▶ [Given entries]

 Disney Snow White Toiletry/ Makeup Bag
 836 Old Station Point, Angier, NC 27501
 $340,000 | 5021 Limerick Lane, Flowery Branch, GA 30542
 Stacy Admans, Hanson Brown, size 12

--

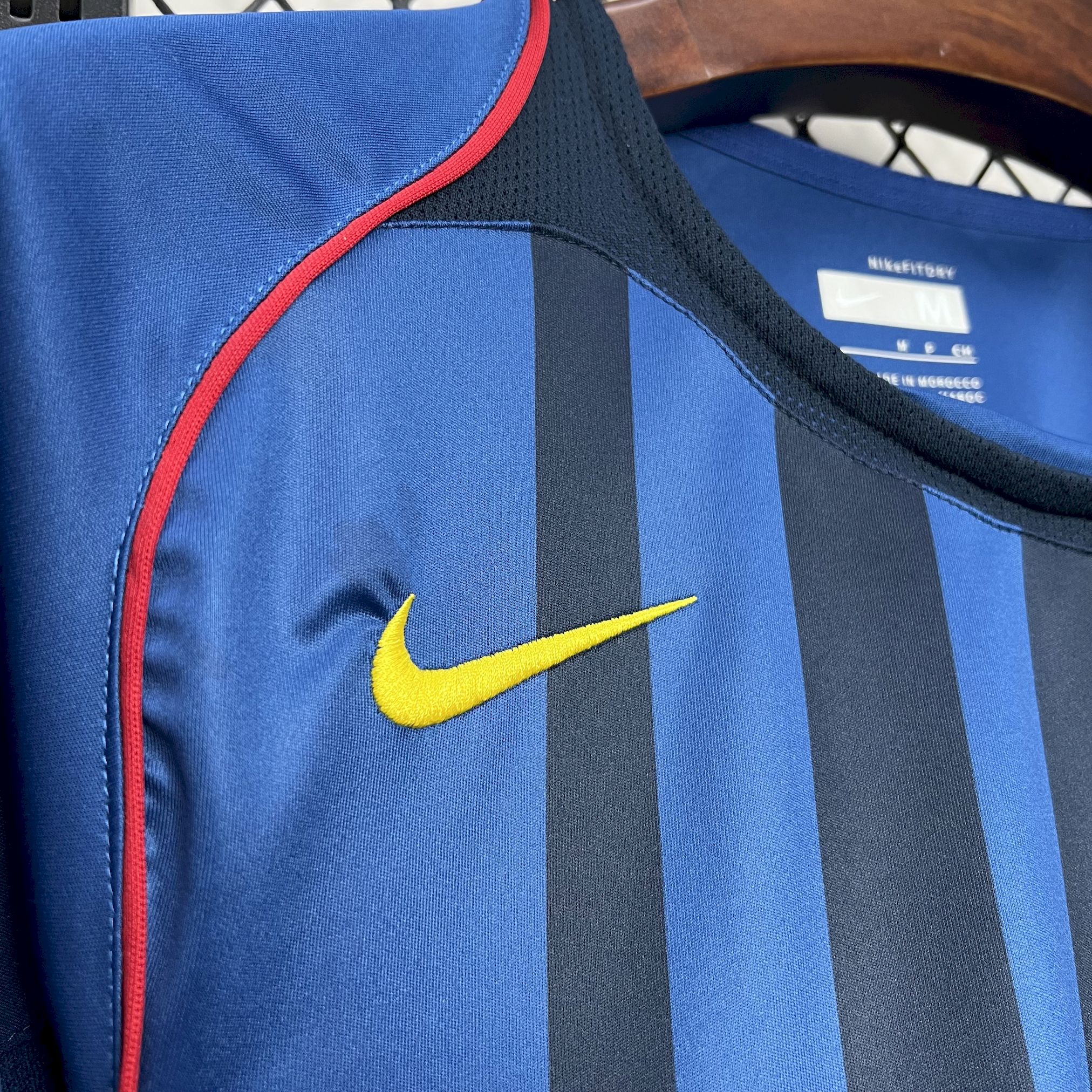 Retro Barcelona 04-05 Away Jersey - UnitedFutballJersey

==

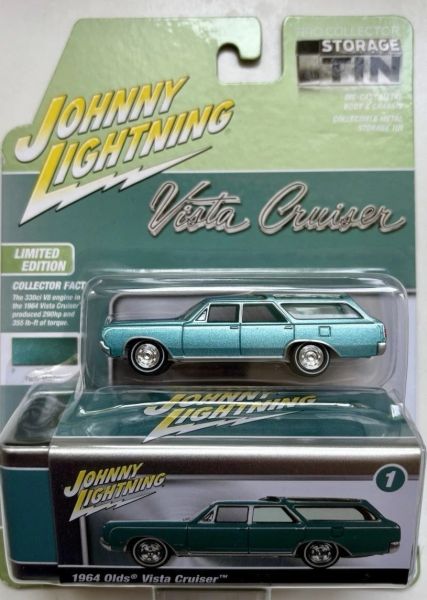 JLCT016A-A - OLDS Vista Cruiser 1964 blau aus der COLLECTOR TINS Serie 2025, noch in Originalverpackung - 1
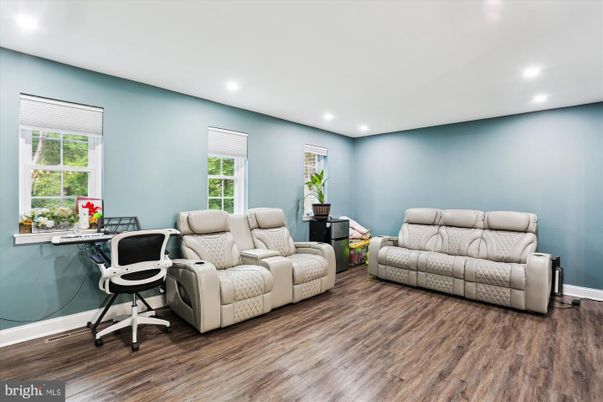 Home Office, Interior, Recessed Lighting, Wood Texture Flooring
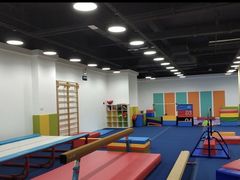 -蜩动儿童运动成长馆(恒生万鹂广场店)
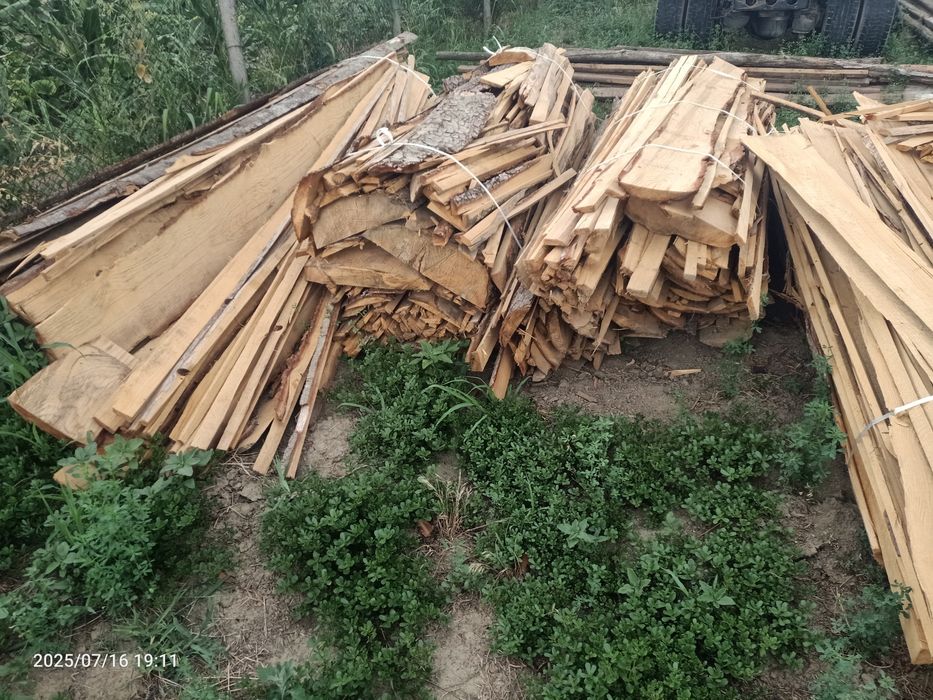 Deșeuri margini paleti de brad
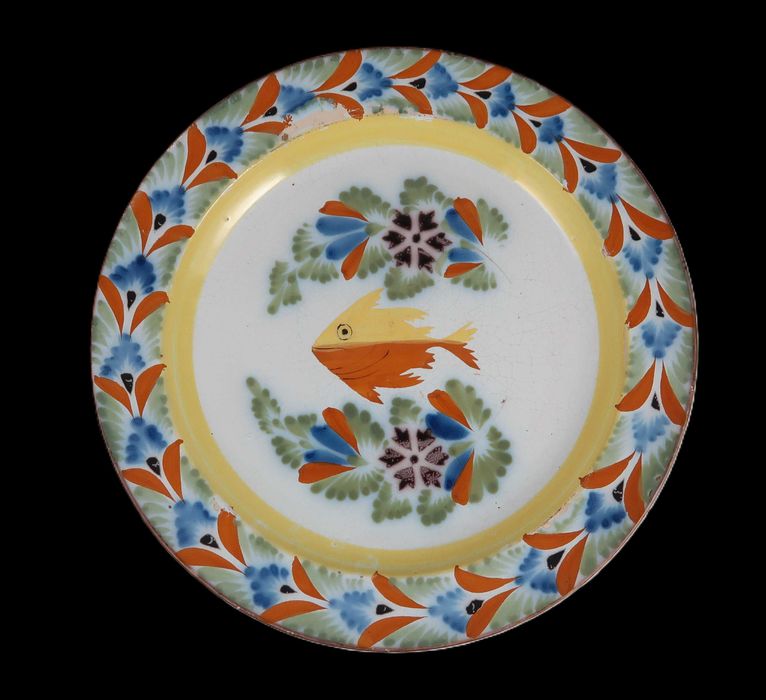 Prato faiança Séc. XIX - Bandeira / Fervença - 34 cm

▶ [What to produce]
Both the line containing "JLCT016A-A - OLDS" and the line containing "Prato faiança Séc." above belong in the output, as do the lines between them. Print them exactly, without pictures.

▶ [Exercise output]
 JLCT016A-A - OLDS Vista Cruiser 1964 blau aus der COLLECTOR TINS Serie 2025, noch in Originalverpackung - 1
 Home Office, Interior, Recessed Lighting, Wood Texture Flooring
 -蜩动儿童运动成长馆(恒生万鹂广场店)
 Deșeuri margini paleti de brad
 Prato faiança Séc. XIX - Bandeira / Fervença - 34 cm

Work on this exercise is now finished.